◆ AVAILABLE RECORDS ◆
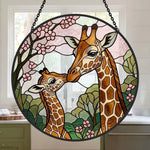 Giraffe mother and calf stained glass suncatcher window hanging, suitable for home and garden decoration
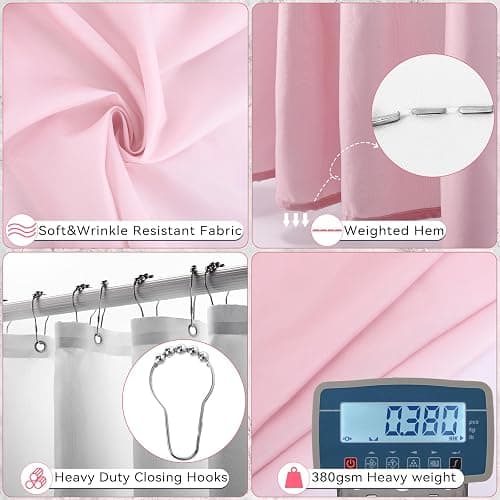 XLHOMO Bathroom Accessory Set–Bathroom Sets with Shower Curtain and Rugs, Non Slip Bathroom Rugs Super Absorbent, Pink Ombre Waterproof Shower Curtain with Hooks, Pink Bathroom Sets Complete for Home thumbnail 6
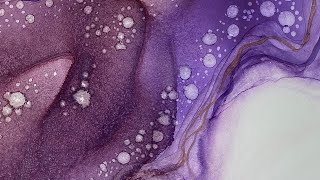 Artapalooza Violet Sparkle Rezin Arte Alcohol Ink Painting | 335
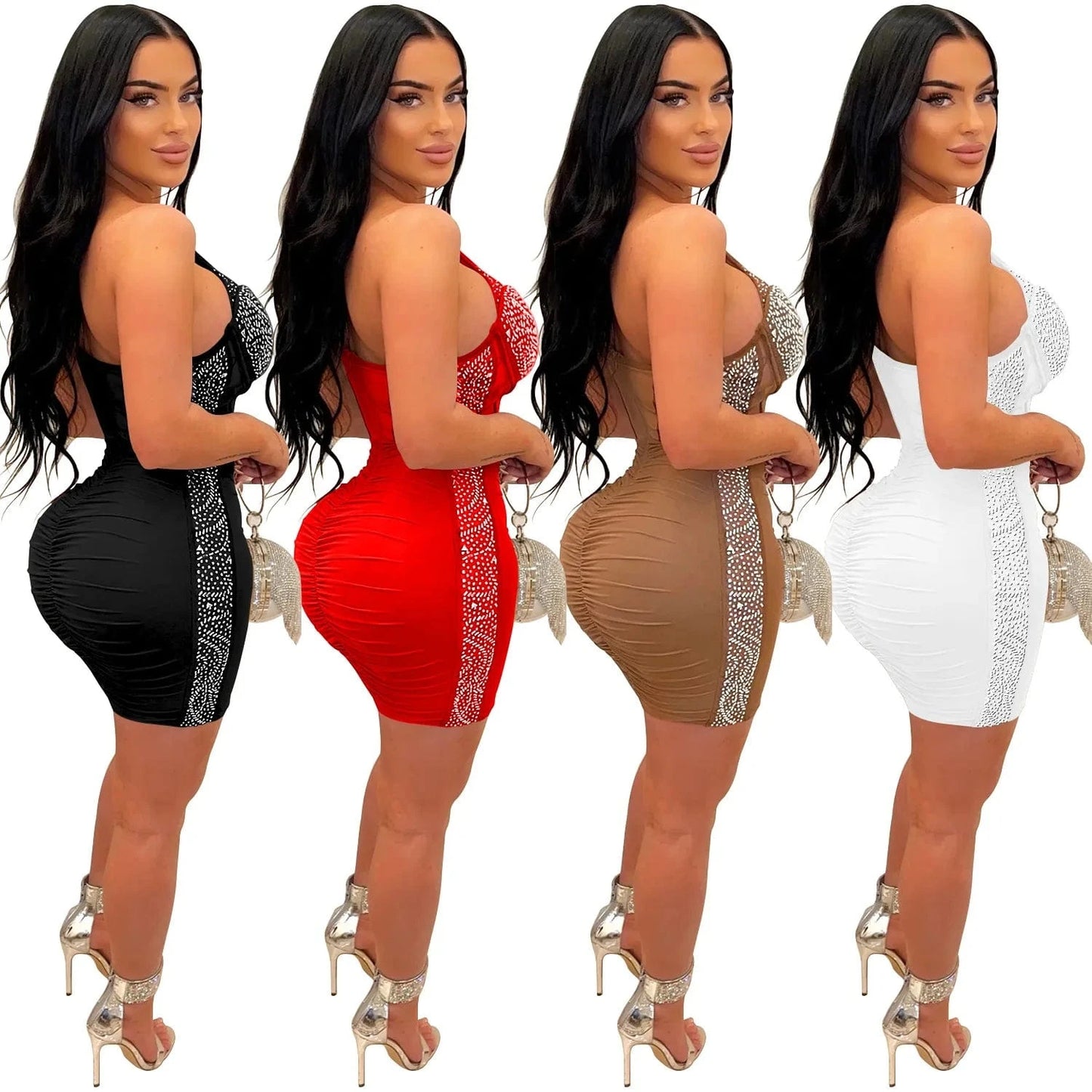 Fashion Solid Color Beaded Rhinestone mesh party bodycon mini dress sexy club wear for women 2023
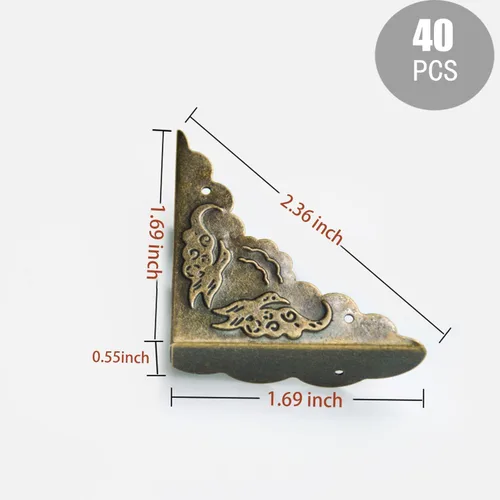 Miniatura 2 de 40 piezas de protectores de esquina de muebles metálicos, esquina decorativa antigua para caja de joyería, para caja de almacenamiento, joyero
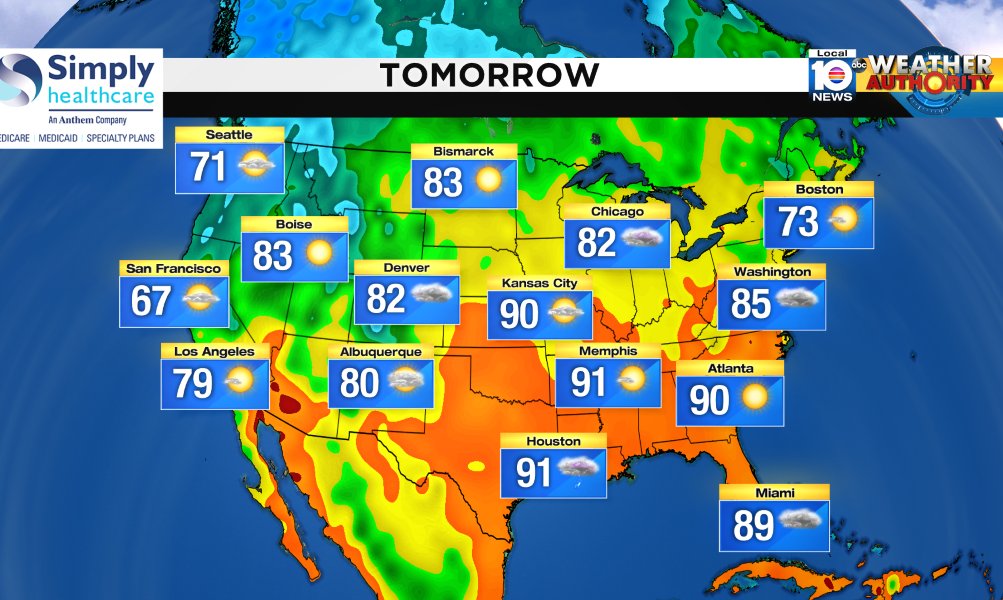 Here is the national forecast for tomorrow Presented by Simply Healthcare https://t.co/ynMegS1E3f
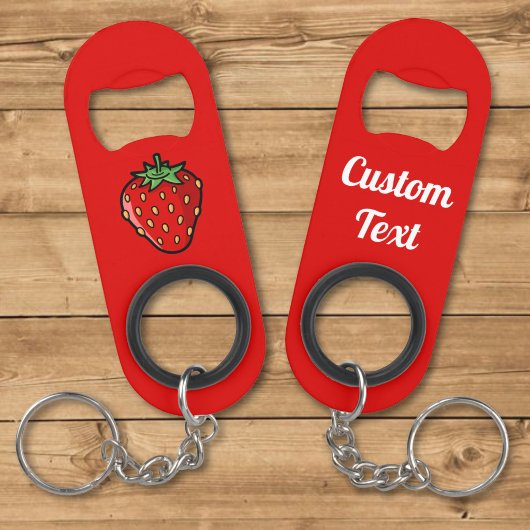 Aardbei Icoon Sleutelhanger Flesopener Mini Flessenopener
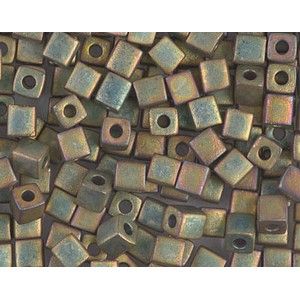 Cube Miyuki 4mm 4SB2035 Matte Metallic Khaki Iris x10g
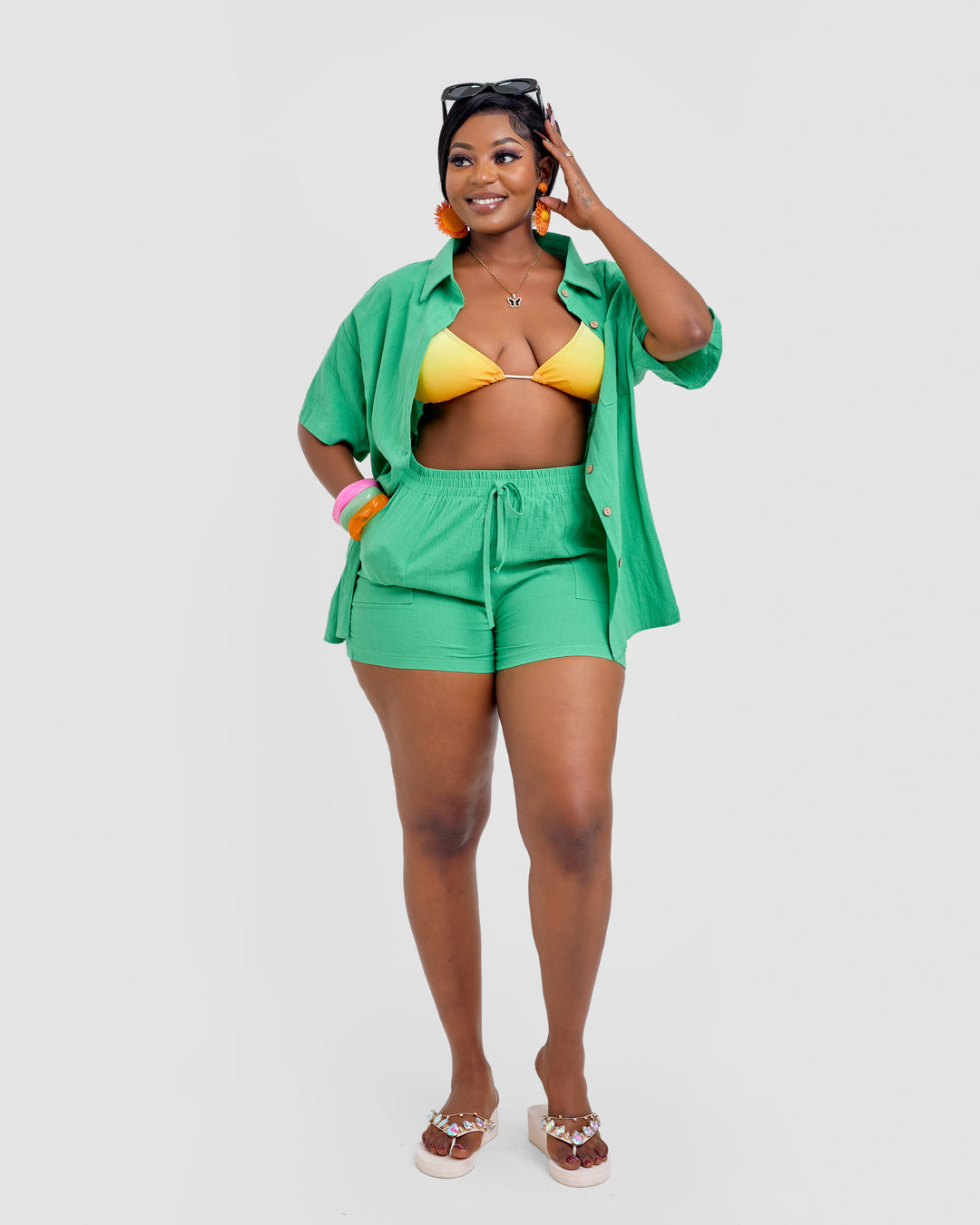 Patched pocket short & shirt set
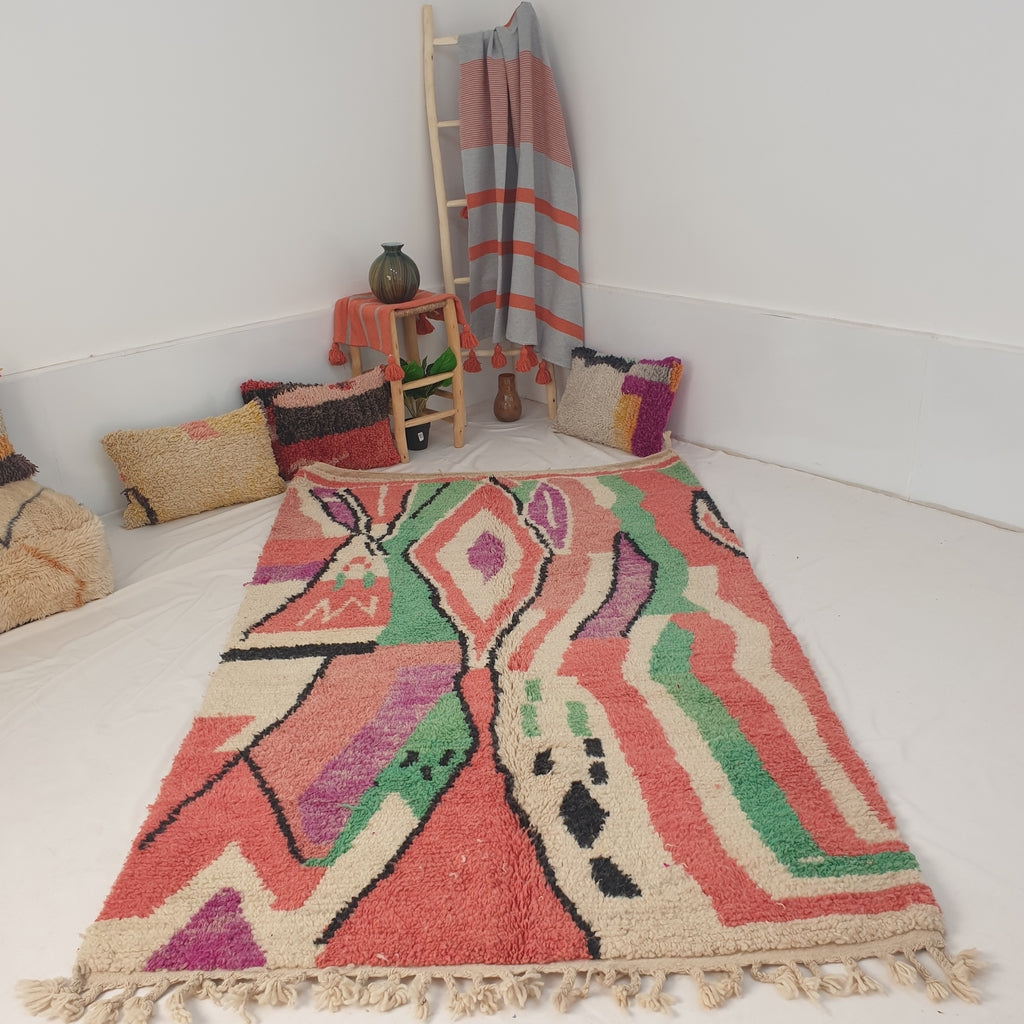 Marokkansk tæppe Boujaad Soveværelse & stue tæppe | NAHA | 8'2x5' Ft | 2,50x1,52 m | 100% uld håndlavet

◆ HOW TO COMPLETE THIS TASK ◆
Everything in the listing except the pictures must come back exactly as written.

◆ PROBLEM SOLUTION ◆
 Giraffe mother and calf stained glass suncatcher window hanging, suitable for home and garden decoration
 XLHOMO Bathroom Accessory Set–Bathroom Sets with Shower Curtain and Rugs, Non Slip Bathroom Rugs Super Absorbent, Pink Ombre Waterproof Shower Curtain with Hooks, Pink Bathroom Sets Complete for Home thumbnail 6
 Artapalooza Violet Sparkle Rezin Arte Alcohol Ink Painting | 335
 Fashion Solid Color Beaded Rhinestone mesh party bodycon mini dress sexy club wear for women 2023
 Miniatura 2 de 40 piezas de protectores de esquina de muebles metálicos, esquina decorativa antigua para caja de joyería, para caja de almacenamiento, joyero
 Here is the national forecast for tomorrow Presented by Simply Healthcare https://t.co/ynMegS1E3f
 Aardbei Icoon Sleutelhanger Flesopener Mini Flessenopener
 Cube Miyuki 4mm 4SB2035 Matte Metallic Khaki Iris x10g
 Patched pocket short & shirt set
 Marokkansk tæppe Boujaad Soveværelse & stue tæppe | NAHA | 8'2x5' Ft | 2,50x1,52 m | 100% uld håndlavet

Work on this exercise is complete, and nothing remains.